The intermediary had taken steps to formalise a coverage position to the policyholders who in-turn took exception to their claim being denied. As a result, a popular Current Affairs programme arguably vilified both the intermediary and its Chairman due to the coverage being denied. The broadcaster is now being sued for damages as a result of alleged defamatory and inaccurate content.
The Statement of Claim brought by the Chairman (Applicant) against the Broadcaster’s presenter and journalists (Respondents), states that an email had been sent to the Broadcaster prior to the episode airing. That email explained:
- that the Applicant was the broker, not the insurer (as was represented during the broadcast);
- that the storage facility units subject to the claim were inundated due to the overflow of “anearby water course”; and
- that the claims handlers, loss adjusters, and a hydrologist all confirmed that the loss was caused by flood: an event not covered by the policy. It is understood that the hydrologist’s report was provided to the Insured couple and had been shown to the Respondents.
It is alleged by the Applicant that despite possessing information to the contrary, the Respondents aired a series of statements by the insureds, which clearly suggested that the intermediary knew the damage was in fact caused by a storm and was itself dishonestly relying on the flood exclusion. Saliently, we understand that the Statement of Claim asserts that the Respondents knew that these statements were false and furthermore were in possession of expert evidence to the contrary.
The Statement of Claim also addresses the publishing of the material to the broadcaster’s Facebook page, which had about 2.3 million followers.
Case Study Two - current affairs program and social media involving global insurer
A story that aired in June 2020 poorly portrayed the image of a well-recognised and highly reputable insurer who had denied a claim to a Policyholder who was publicly recognised for his past heroics.
The Policyholder, who was hailed for his role in rescuing two trapped miners in 2006 , submitted a business interruption claim for his business, an outdoor recreation retailer. The claim was made for business interruption under an Industrial Special Risk (“ISR”) Policy. The loss claimed was for a downturn in business revenue that was resultant of devastating natural disasters in late 2019 and early 2020.
The broadcast focussed on the profile of the Policyholder, the devastating impact of the bushfires and the unwillingness of the insurer to resile from its position. The reporter focussed on the “business interruption” cover extended by the policy but made no mention that for that extension to operate, there must first be damage to “insured property”. Whilst some business interruption policies may not require “property damage”, this was nevertheless a key omission that ought to have been reported on factually, if nothing else to educate the wider public.
Following the broadcast, it appears that the risk of further media exposure and consequential adverse publicity caused the insurer to settle with the Policyholder. We are not apprised with the particulars as to whether cover was granted, or indeed should have been or if the payment was a ex-gratia commercial settlement.

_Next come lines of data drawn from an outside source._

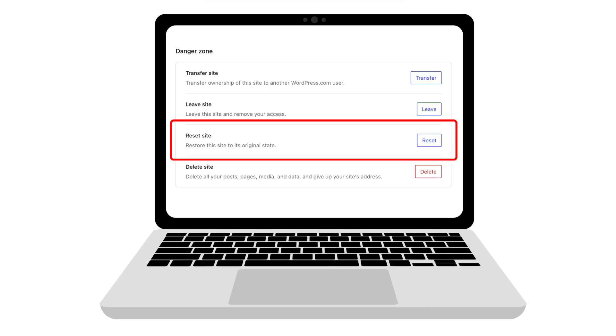But the first thing is to understand what a reset actually does and what it doesn't do.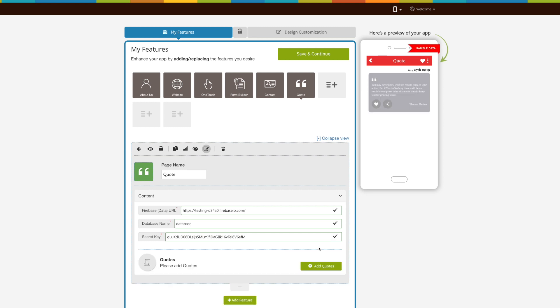Once the URL is authenticated, you will see add quote button. Click on add quote button to add quotes.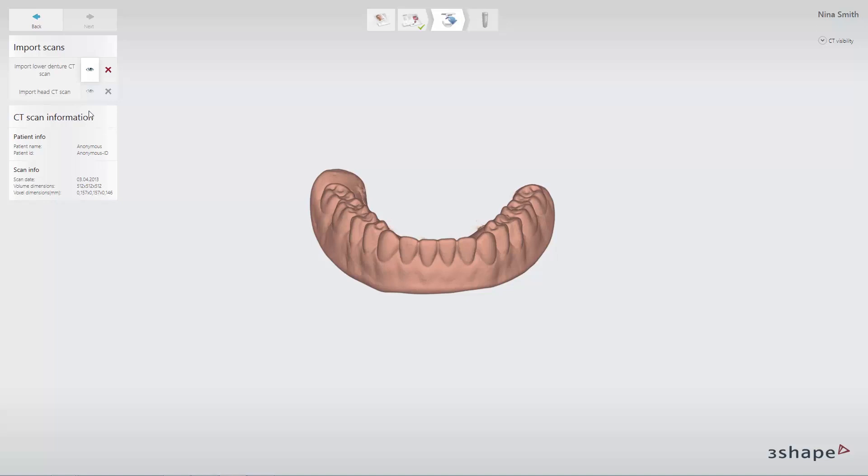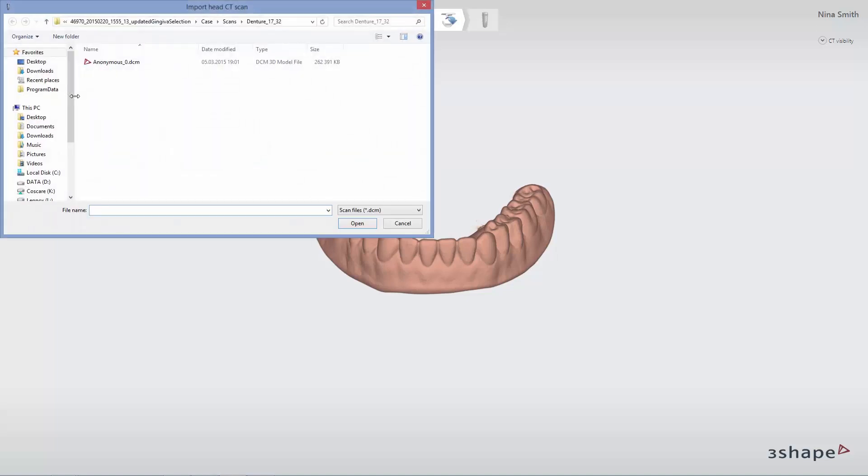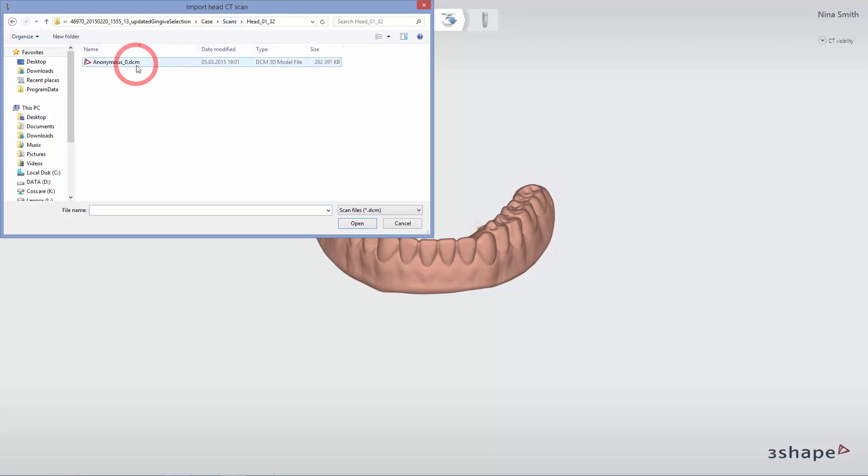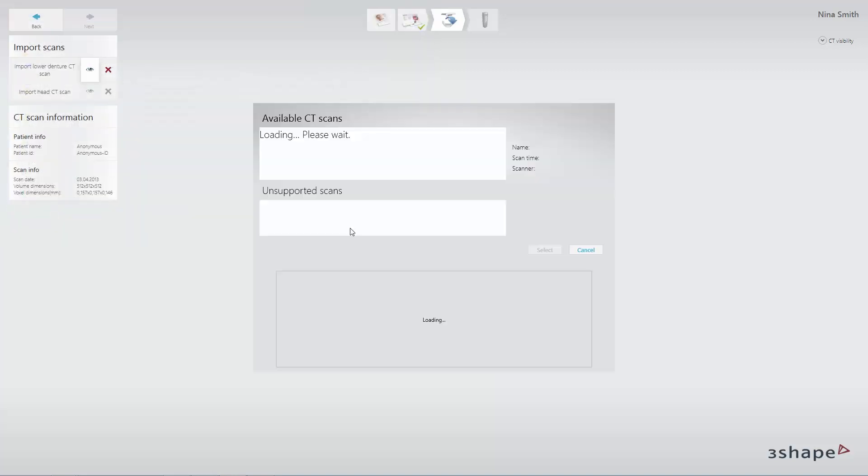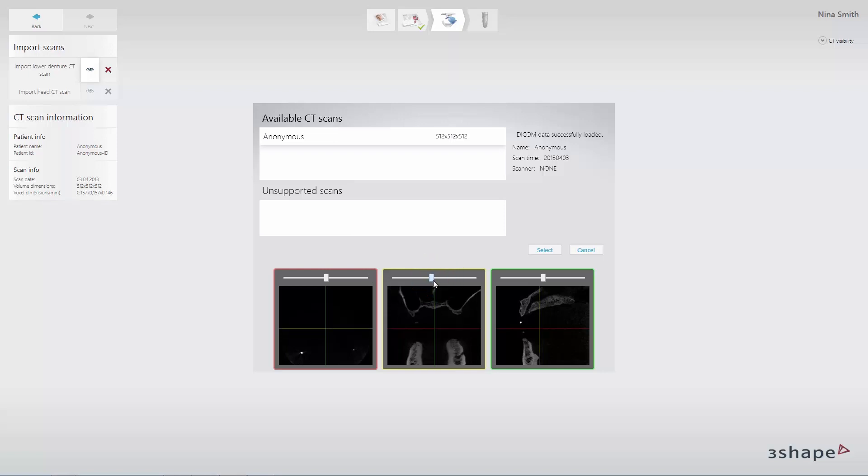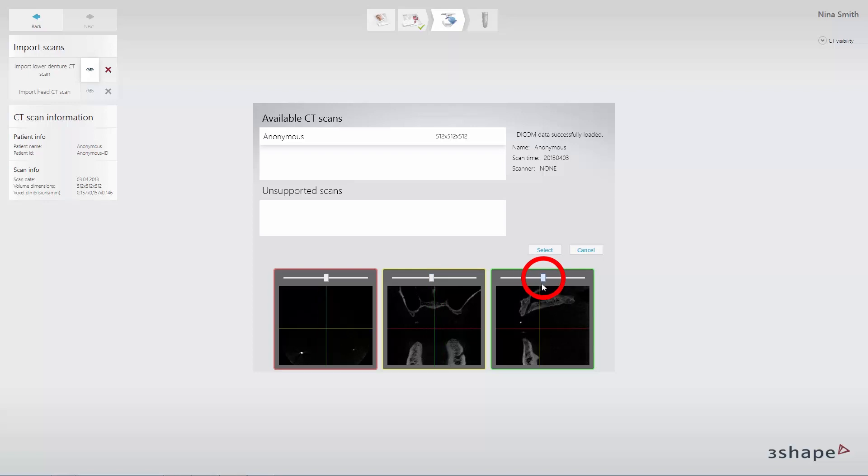Import the head CT scan the same way by clicking the Import Head CT Scan button.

The risk of adverse publicity and scrutiny of claims decisions, and indeed escalating premiums in a “hard-market” increases significantly via social media.

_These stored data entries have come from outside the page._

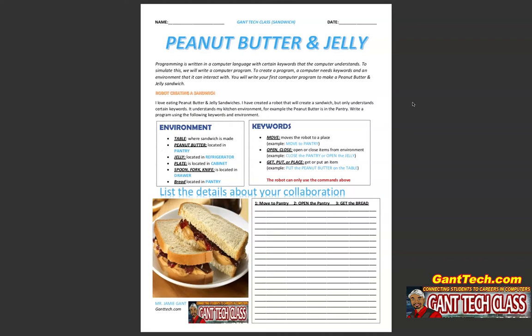You will write your first computer program to make a peanut butter and jelly sandwich or a meat sandwich. I love eating peanut butter and jelly sandwiches. I have created a robot that will create a sandwich, but it only understands certain keywords. It understands my kitchen environment — for example, the peanut butter is in the pantry.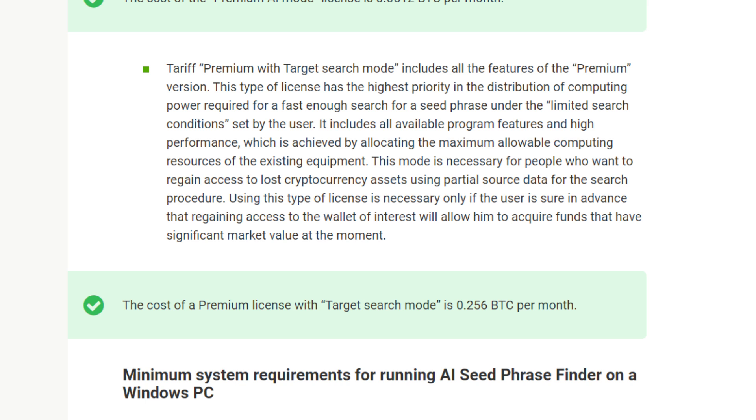Next one is the Premium license with Target Search mode, which will cost you 0.256 BTC per month. Premium with Target Search mode includes all the features of the Premium version. This type of license has the highest priority in the distribution of computing power required for a fast enough search for a seed phrase under the limited search conditions set by the user. It includes all available program features and high performance.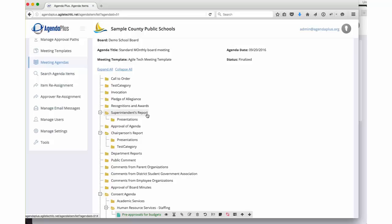Again, my name is Mark Vickers. I'm the product director for AgendaPlus here at Agile Tech. And we look forward to talking with you and doing your live demo.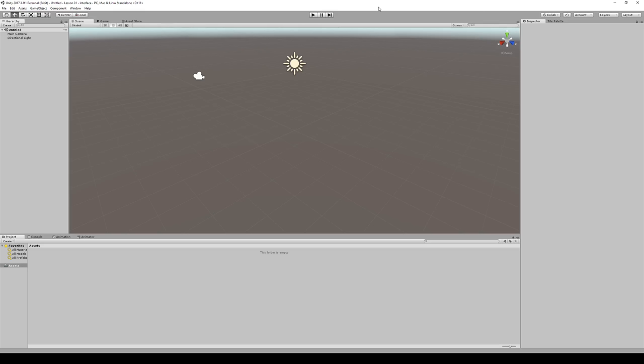Hey guys, welcome to another lesson here at THSS Technology. Today we're going to be diving into Unity for our first lesson. This is going to be a short lesson focusing on the Unity interface.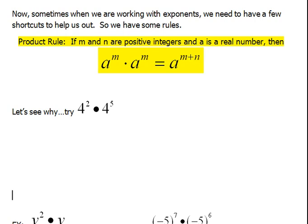When we're working with exponents, sometimes these things can get very, very large, especially if we're working with variables. There have to be specific rules that we can follow so that we don't get confused. Our very first rule says: if m and n are positive integers and a is a real number, then a to the m times a to the n will equal a to the m plus n power.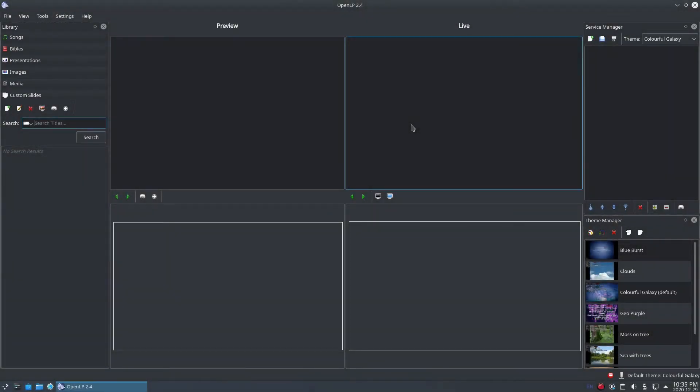Hi, I'm Raoul. Welcome to OpenLP Guru, a set of video tutorials where I take you through how to use OpenLP's features.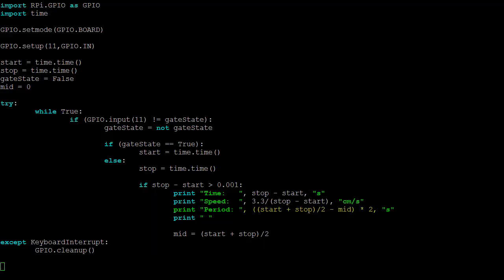A simple extension to the program is to set it up for analyzing the period of a pendulum. For this, we need to calculate the time when the object is in the center of the gate, which I've called mid. This can be calculated by taking the average of the start and stop time.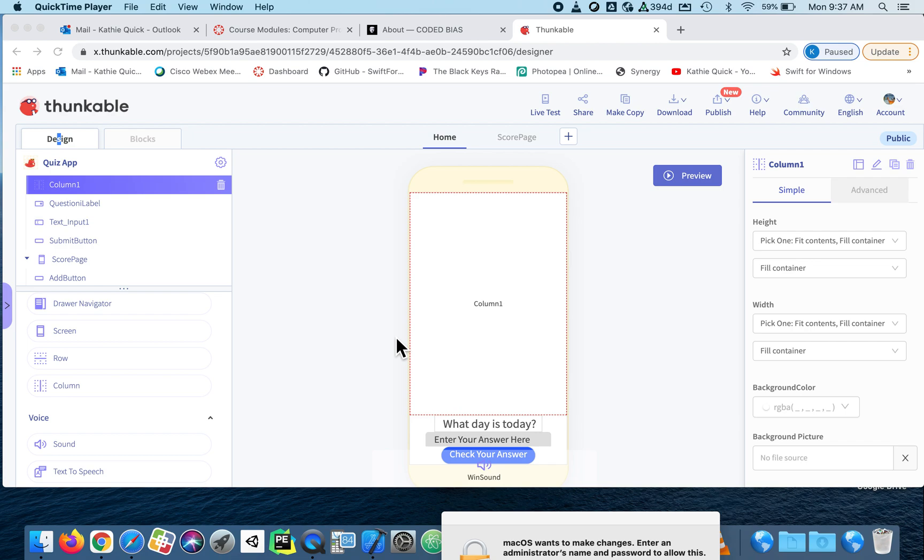Okay, by request, I'm going to show you how to add a multiple choice question to your quiz. Remember, you have to have at least one question where the user enters their answer, where they type it in, and the rest can be multiple choice.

As we noted previously in our article on “Current trends in claims management reflectingly poorly on industry: strategic denials” (located here), we are currently in a hardening market and as such there is no place for legitimate claims not being met by insurers. Insurers must ensure that claims decisions are thorough.
Otherwise, the media ought to report more factually on the issues at hand, particularly where legitimate coverage denials occur. As a whole, many industry stakeholders would feel that the positive role that the insurance industry has played is very much “underreported”.